I'd like to pack it all up, sell it, and get the hell out of dodge.
But I know that that's not the answer.
What prompted this little meltdown? We were blessed enough to come into a wee bit of money, and it has to go toward debt. On the one hand, I'm grateful that I have this extra bit of moola to put toward our bills. On the other hand, I'm frustrated that our previous financial missteps don't allow us to enjoy this little windfall.
J and I have been in an unfortunate cycle over the last three and a half years. A BIG part of it is circumstantial -job losses (hello, four months of being unemployed), lower incomes, blah, blah, blah. But part of it is a result of "violent spending". That's a direct quote from J. Now, we're not popping bottles of Cristal or buying flat-screen T.V.'s, but every little bit adds up. I completely accept full responsibility for the financial decisions that put us where we are today.

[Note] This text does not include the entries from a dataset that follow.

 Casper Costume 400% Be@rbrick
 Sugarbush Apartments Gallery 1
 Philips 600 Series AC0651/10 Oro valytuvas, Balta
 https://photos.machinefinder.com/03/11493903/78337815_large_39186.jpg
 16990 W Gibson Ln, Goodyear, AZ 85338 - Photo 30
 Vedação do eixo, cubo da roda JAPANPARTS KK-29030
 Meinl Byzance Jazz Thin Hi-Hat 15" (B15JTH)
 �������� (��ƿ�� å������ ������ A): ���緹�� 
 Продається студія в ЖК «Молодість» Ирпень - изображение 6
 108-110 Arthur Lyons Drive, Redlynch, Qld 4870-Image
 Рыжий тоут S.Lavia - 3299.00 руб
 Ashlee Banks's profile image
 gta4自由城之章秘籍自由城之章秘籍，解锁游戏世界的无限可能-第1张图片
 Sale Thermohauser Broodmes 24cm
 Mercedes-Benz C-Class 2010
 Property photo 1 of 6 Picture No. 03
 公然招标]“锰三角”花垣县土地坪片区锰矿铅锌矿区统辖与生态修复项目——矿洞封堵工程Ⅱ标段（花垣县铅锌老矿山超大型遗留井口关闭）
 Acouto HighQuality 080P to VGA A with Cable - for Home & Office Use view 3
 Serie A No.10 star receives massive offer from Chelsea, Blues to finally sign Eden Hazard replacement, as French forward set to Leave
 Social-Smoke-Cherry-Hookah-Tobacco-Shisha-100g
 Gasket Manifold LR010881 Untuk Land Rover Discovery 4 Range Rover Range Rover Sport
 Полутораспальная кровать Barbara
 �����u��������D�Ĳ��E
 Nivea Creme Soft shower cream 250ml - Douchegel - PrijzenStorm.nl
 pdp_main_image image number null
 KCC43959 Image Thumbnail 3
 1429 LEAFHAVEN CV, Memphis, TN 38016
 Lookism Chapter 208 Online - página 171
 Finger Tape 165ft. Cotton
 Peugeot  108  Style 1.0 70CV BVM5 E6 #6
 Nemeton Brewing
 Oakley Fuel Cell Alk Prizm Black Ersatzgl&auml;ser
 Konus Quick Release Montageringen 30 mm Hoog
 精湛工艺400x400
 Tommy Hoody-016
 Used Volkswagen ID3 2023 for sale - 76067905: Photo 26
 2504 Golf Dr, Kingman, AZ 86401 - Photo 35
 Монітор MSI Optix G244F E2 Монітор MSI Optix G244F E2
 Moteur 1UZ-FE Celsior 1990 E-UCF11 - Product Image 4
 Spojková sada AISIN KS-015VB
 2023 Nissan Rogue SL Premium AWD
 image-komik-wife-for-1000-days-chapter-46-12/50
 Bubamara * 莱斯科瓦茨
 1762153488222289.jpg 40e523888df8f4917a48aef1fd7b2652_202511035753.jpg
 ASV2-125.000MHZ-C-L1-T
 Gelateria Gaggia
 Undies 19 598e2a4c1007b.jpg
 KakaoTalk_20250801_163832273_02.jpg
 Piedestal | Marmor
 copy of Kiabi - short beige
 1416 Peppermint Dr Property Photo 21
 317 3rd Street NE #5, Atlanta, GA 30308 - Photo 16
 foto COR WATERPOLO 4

But, cookies? It sucks. We're in a holding pattern. It's not that I don't see the light at the end of the tunnel, it's just that at this point, the light is a teeny, tiny sliver of light that I really have to squint to see.
I'm trying to slowly implement some of the strategies advocated by FB, and I'm also getting this book.
And I've applied to both Kaplan and the Princeton Review to see if I can get a part-time job as an S.A.T. or GRE tutor. Working for either of these two companies would be great because the money would be worth it ($17 - $25/hour, which I think is awesome for part-time work) and the hours are flexibile, mostly nights or weekends. Getting a job and then working 10 hours/week would be a huge help, and it would still allow me to maintain my current job.
Deep sigh. I just want things to change.